Sentimentalität aber sollte einen immer stutzig machen. Und es ist eben dann auch so, dass Regisseur und Autor Franz Xaver Bogner in der ab Mittwoch auf Sendung gehenden vierten Staffel von „München 7“ eine wunderschöne Stadt zeigt, die es allerdings so schon lange nicht mehr gibt. In den ersten beiden Folgen der neuen Staffel ist die bayerische Landeshauptstadt ein Hort des Gemüts und der Gelassenheit, ein Traumort, in dem die Busse so lang für die Distanz zwischen zwei Haltestellen brauchen, bis Bogner die Episode vom durchgeknallten MVV- Kontrolleur, vom Strizzi und dem Ende seiner Liebe zur rothaarigen Vorstadtschönheit zu Ende erzählt hat. Ganz gemütlich halt.

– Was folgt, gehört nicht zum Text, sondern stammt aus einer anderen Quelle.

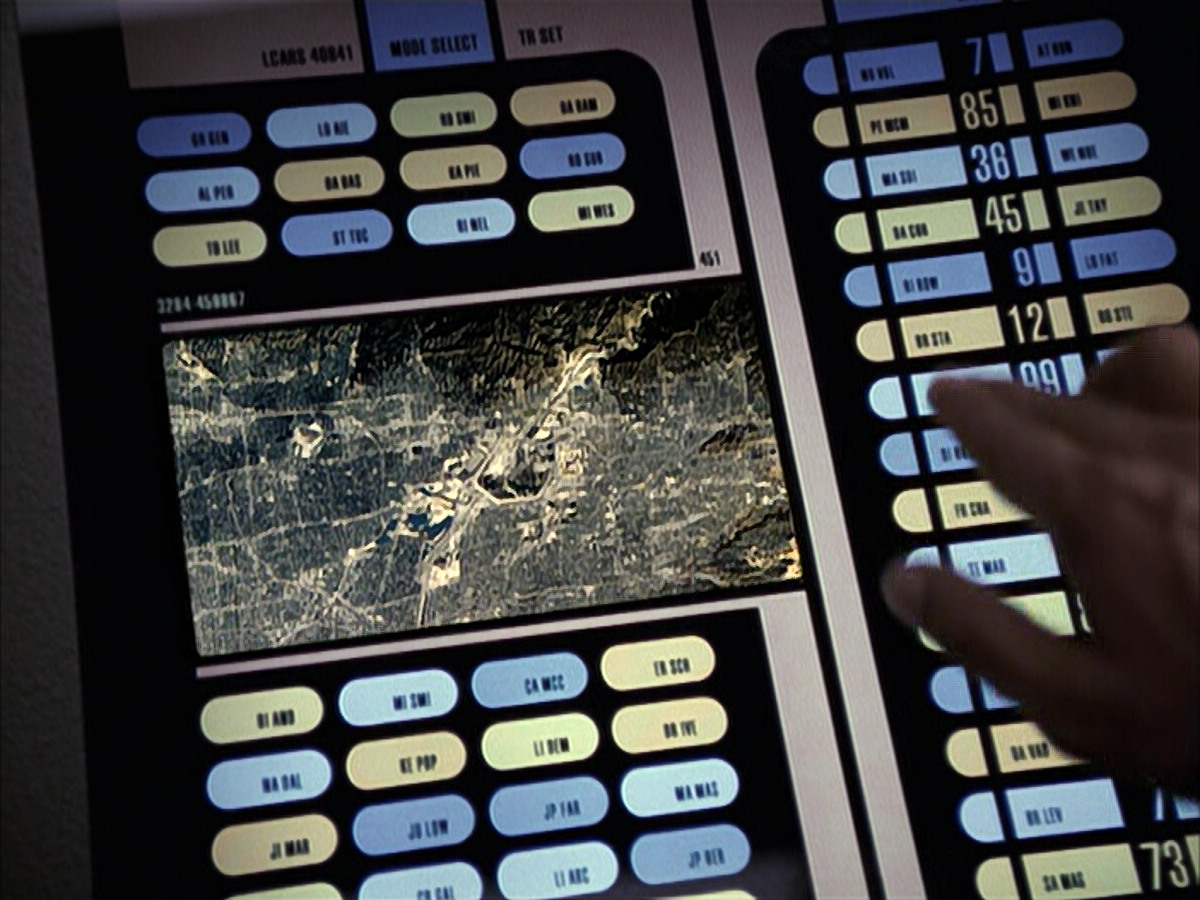 extant_StarTrek_VOY_6x12-BlinkOfAnEye_01696.jpg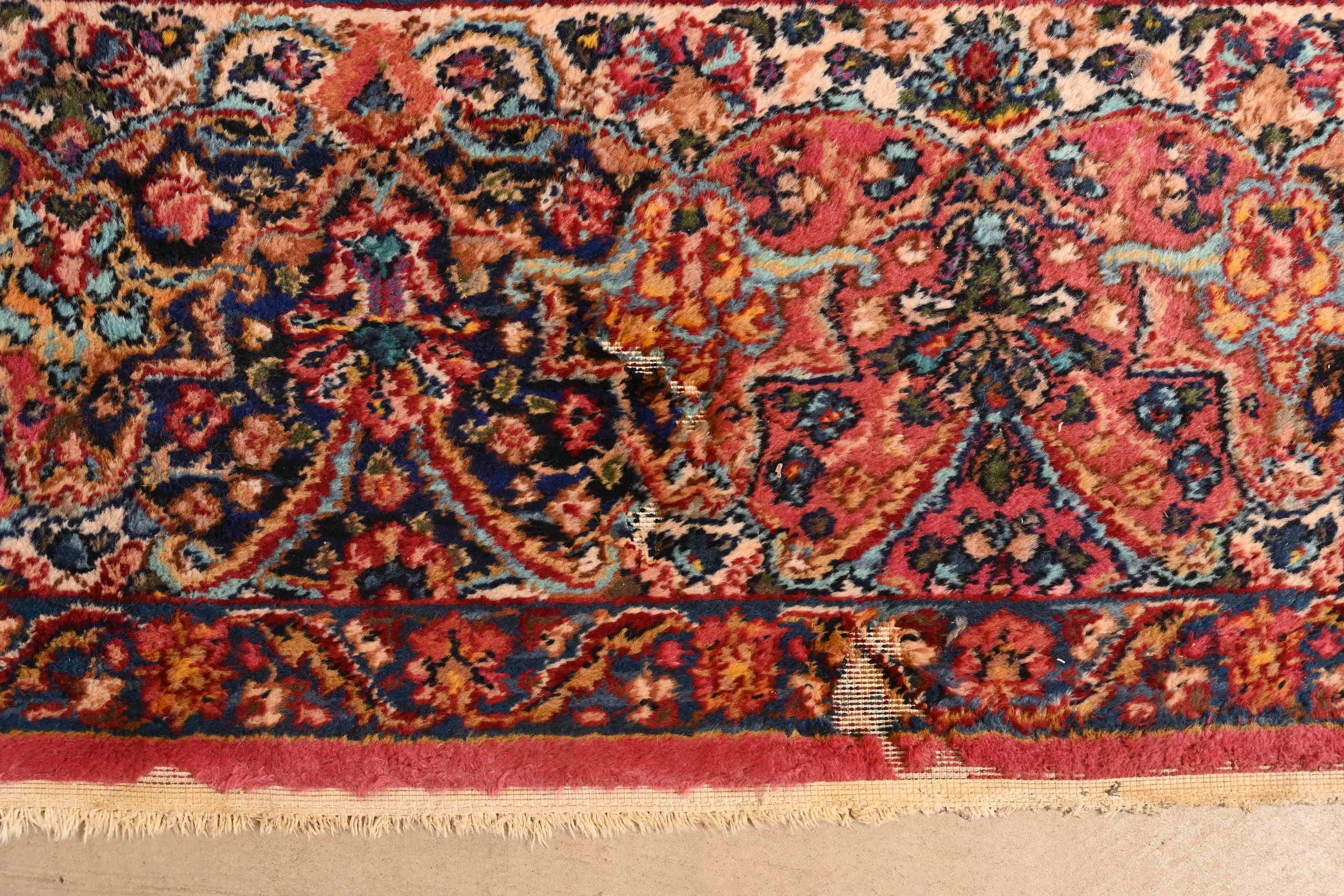 Lana Tappeto in lana Karastan Kirman, CIRCA 1940 in vendita
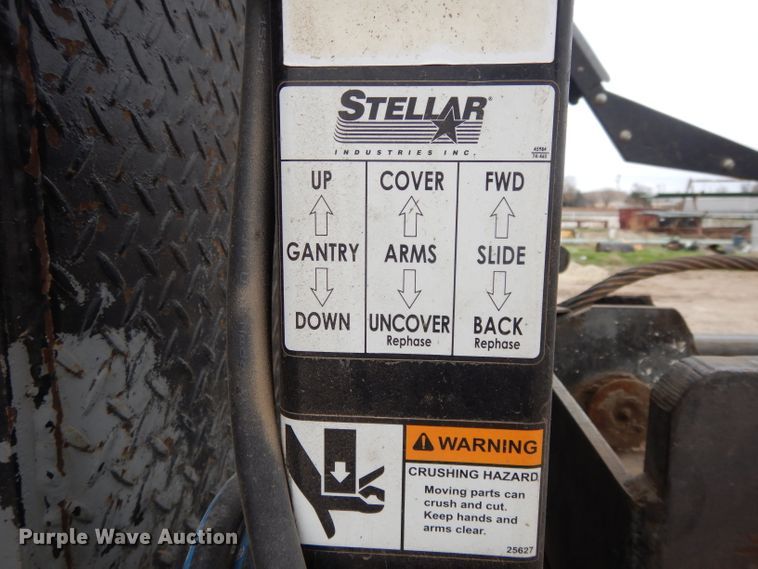 image for item DI8010 1999 Sterling Acterra  roll-off container truck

Mit dem Verlangen nach Realismus also darf man „München 7“ nicht kommen. Und wahrscheinlich ist das Eintauchen in den schmutzigen Alltag eines großstädtischen Polizeireviers ja auch das geringste Bedürfnis von Menschen, die um 17.55 Uhr den Fernseher einschalten, um dann immerhin knapp fünfzig Minuten pro Folge mit Xaver Bartl und Felix Kandler zu verbringen, mit Elfie Pollinger und Thekla Eichenseer.

Andreas Giebel als Bartl ist – um es unmissverständlich zu sagen – ein Ereignis. Was für eine Nervosität dieses Trumm von Mann mit dem pockennarbigen Gesicht und der Guttenberg-Frisur dauernd ausstrahlt! Mag ja sein, dass der Kabarettist Giebel hier einfach sich selbst spielt, aber eine solche souveräne Natürlichkeit sieht man sonst nur in den großen US-Serien. Ihm beinahe ebenbürtig sind Luise Kinseher als Revierleiterin Eichenseer und Monika Gruber als Standlfrau Moni Riemerschmidt – auch sie Kabarettistinnen.

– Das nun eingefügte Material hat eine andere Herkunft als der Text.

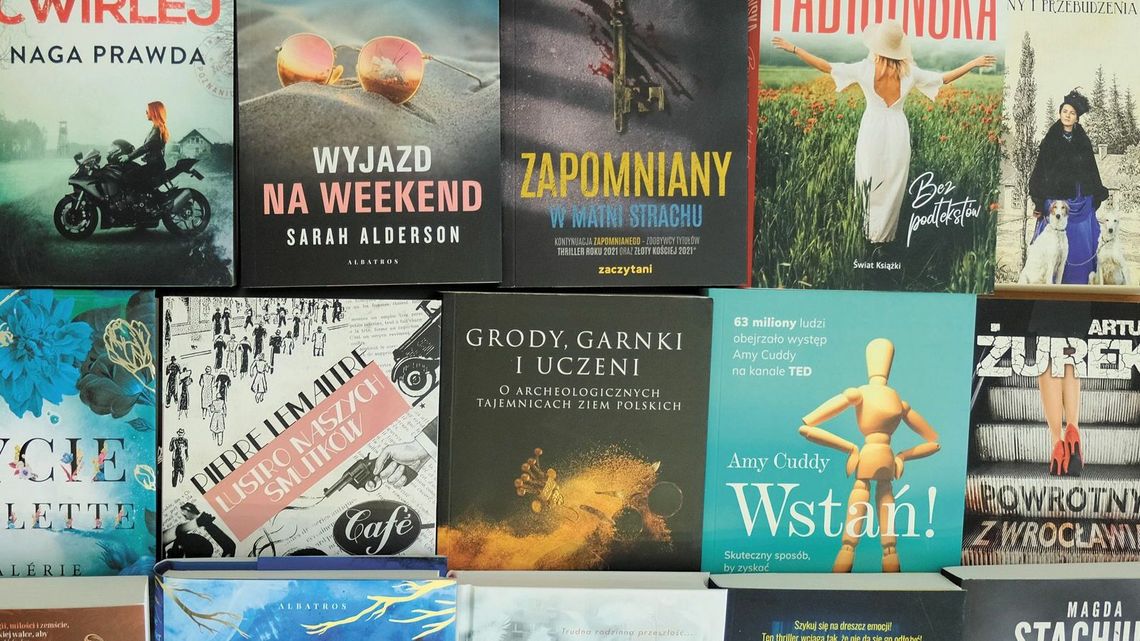 Zabierz książkę na majówkę. Co warto mieć ze sobą?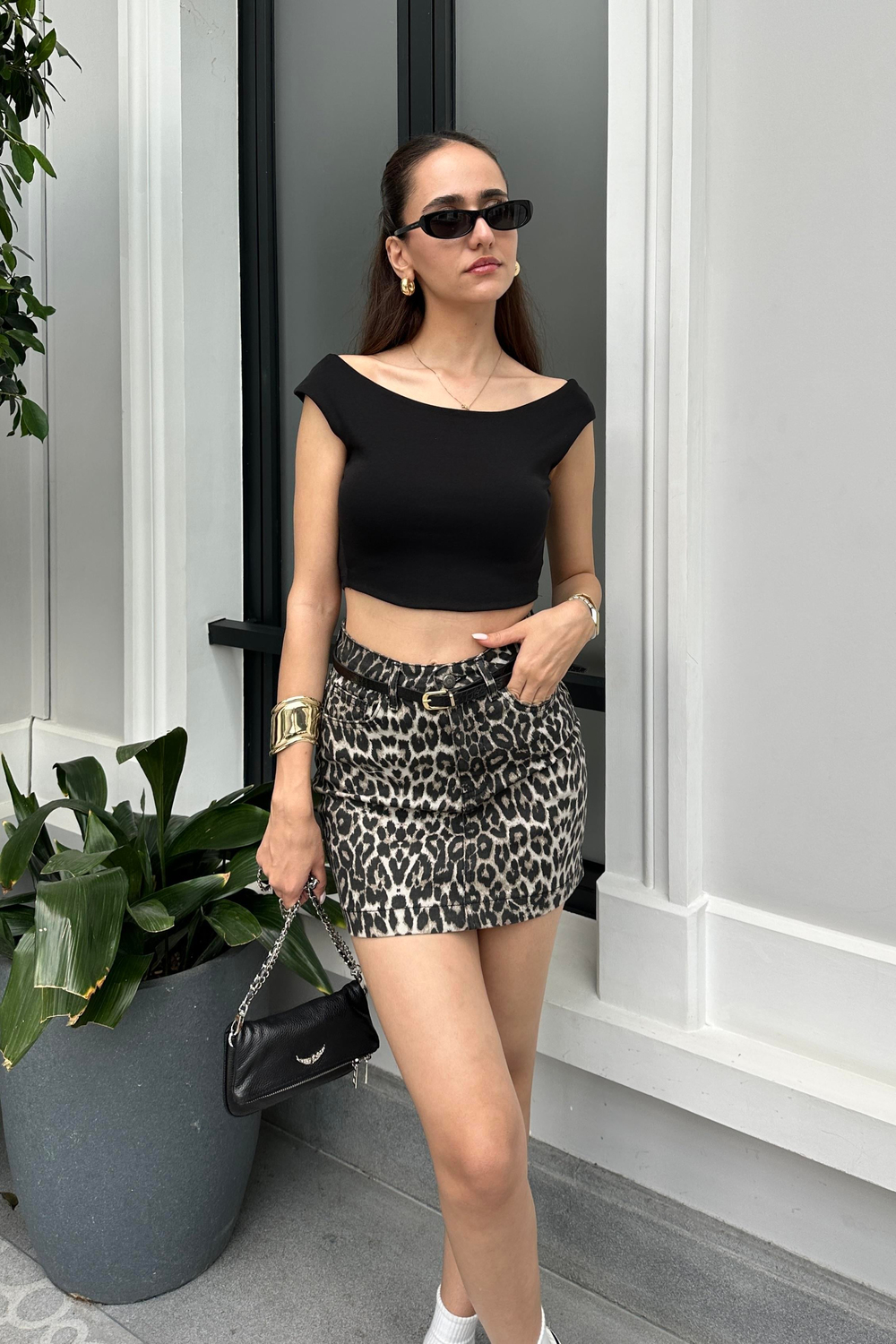 Siyah Kalın Askılı Crop Bluz - Kadın Bluz Modelleri - Nazliye Moda - Kadın Giyim Modası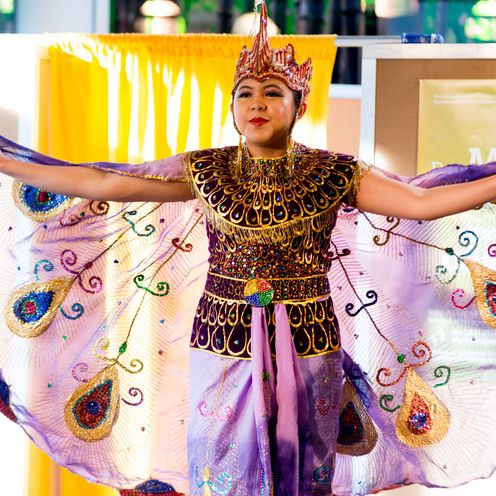 Junge Frau tanzt in einer Tracht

„München 7“ steht also klar in der Tradition des bayerischen komischen Volkstheaters, eines Genre, das sich interessanterweise am frischesten in TV- Serien erhalten hat: von Helmut Dietls „Münchner Geschichten“ (ab 1974) und seinem immer unterschätzten „Der ganz normale Wahnsinn“ (1979) bis zu Bogners 68er Saga „Irgendwie und sowieso“ (1986) und dem „Café Meineid“(1990).

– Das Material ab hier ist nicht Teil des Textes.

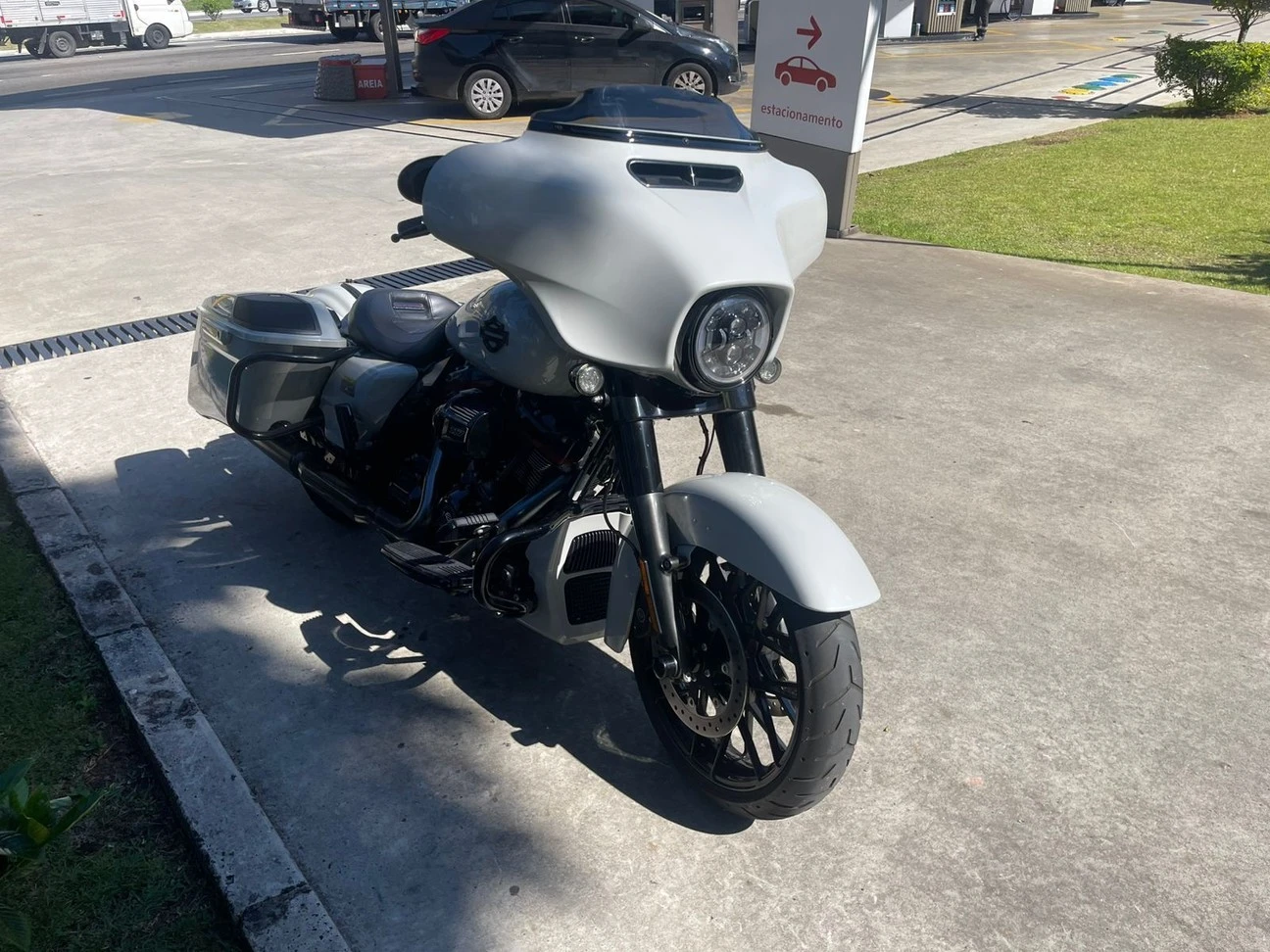 HARLEY-DAVIDSON CVO STREET GLIDE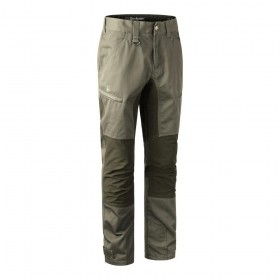 DEERHUNTER Rogaland Contrast Trousers Driftwood - strečové nohavice (5 - Deerhunter Rogaland strečové nohavice poskytujú maximálnu slobodu pohybu a sú ideálne pre každého lovca. Komfortné strečové nohavíce pre skvelé vonkajšie zážitky. Nohavice sú odolné voči vode a sú elastické v zadnej časti pásu a okolo kolená. Farba tmavá hnedá v komninácii s čiernou strečovou látkou.

Elastický pás 
Dve predné vrecká 
Dve vrecká na stehne so skrytými zipsami 
Jedno zadné vrecko so skrytým zipsom 
Predtvarované kolená 
Elastické miesta pre väčšiu slobodu pohybu 
Na každom členku je suchý zips 
Nohavice sú elastické v zadnej časti pásu a okolo kolien
Farba 269-Driftwood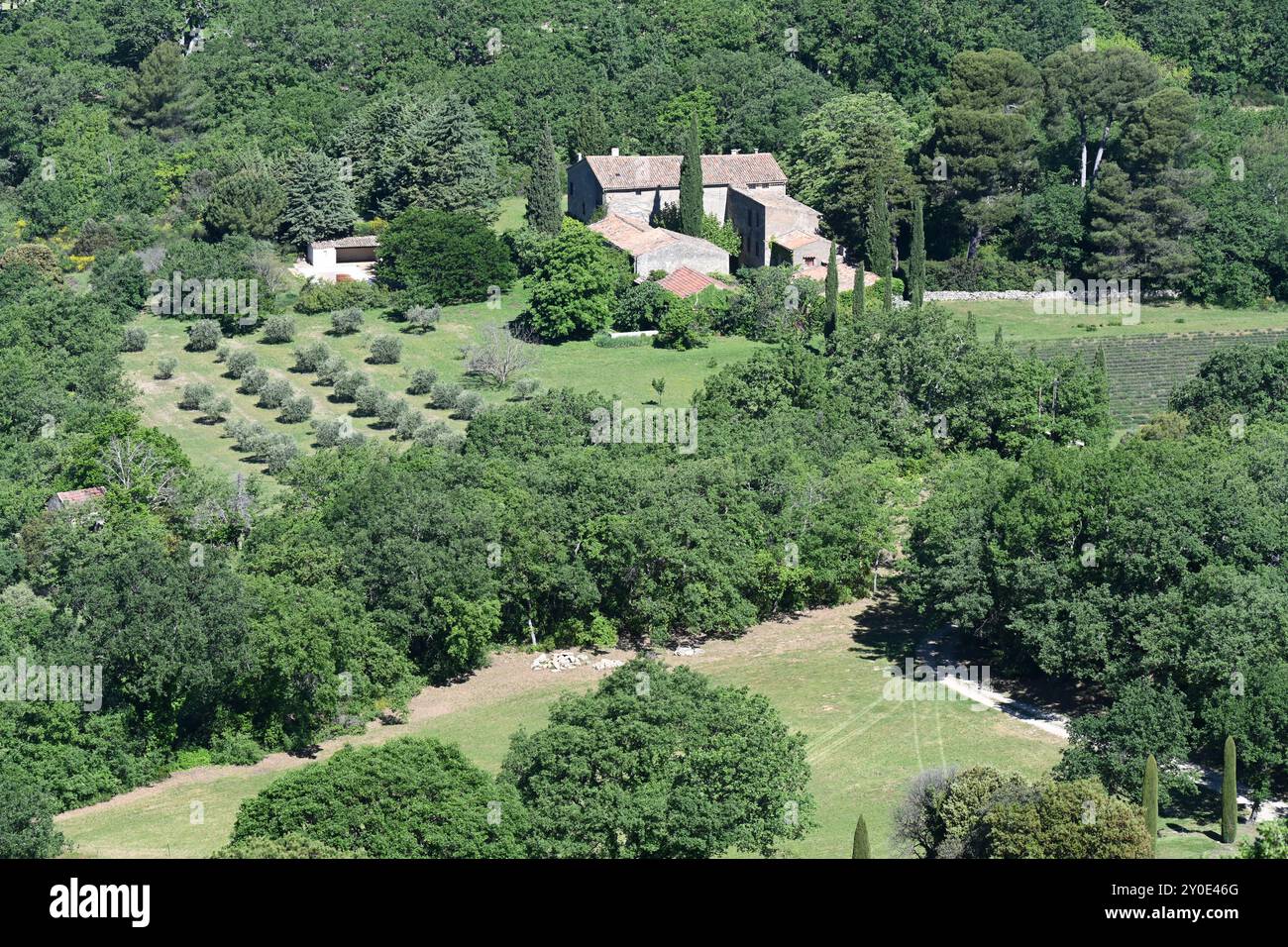 Vista panoramica o panoramica sulla campagna, terreni agricoli e campi, Calavon Plain, Luberon Regional Park Vaucluse Provence Francia Foto Stock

Das eigentliche Vorbild von „München 7“ ist aber natürlich „Polizeiinspektion 1“, von der zwischen 1977 und 1988 über hundert Episoden produziert wurden, mit dem Fassbinder-Schauspieler Walter Sedlmayer als Kommissar Franz Schöninger. Man sieht sehr schön – oder sehr traurig –, wie sich die Welt schon rein sprachlich verändert hat: Bei „Polizeiinspektion 1“ waren noch alle bairische Muttersprachler, obwohl es sich gerade bei den sogenannten Volksschauspielern selbstverständlich um Profis handelte, die auch ihren hochdeutschen Goethe und Schiller auf den großen deutschsprachigen Bühnen sprechen konnten. Bei „München 7“ ist diese Natürlichkeit der Sprache – wie auch bei der grausamen Daily-Bayern-Soap „Dahoam is daoam“, die der Bayerische Rundfunk ausstrahlt – längst dahin.

Was geblieben ist, sind die anderen, Charaktere definierenden Dialekte Bayerns, das Allgäuerische von Jockel Tschiersch als beflissener Polizeikollege Dagobert Schindler und das Fränkische, mit dem in der ersten Folge „Frauenlos“ ein Friseur nervt. Apropos Frauen: Die haben bei „München 7“ durchweg und modern die Hosen an – und sogar eine Christine Neubauer kommt trotz arg limitierter schauspielerischer Mittel stark und sympathisch rüber.

Charme also haben sie, die neuen Folgen von „München 7“. Und das dürfte dem Leben der meisten Vorabendzuschauer etwas hinzufügen, woran sie sich in ihrem deutschen realistischen Alltag eher selten erfreuen können – jedenfalls jenseits der Donau.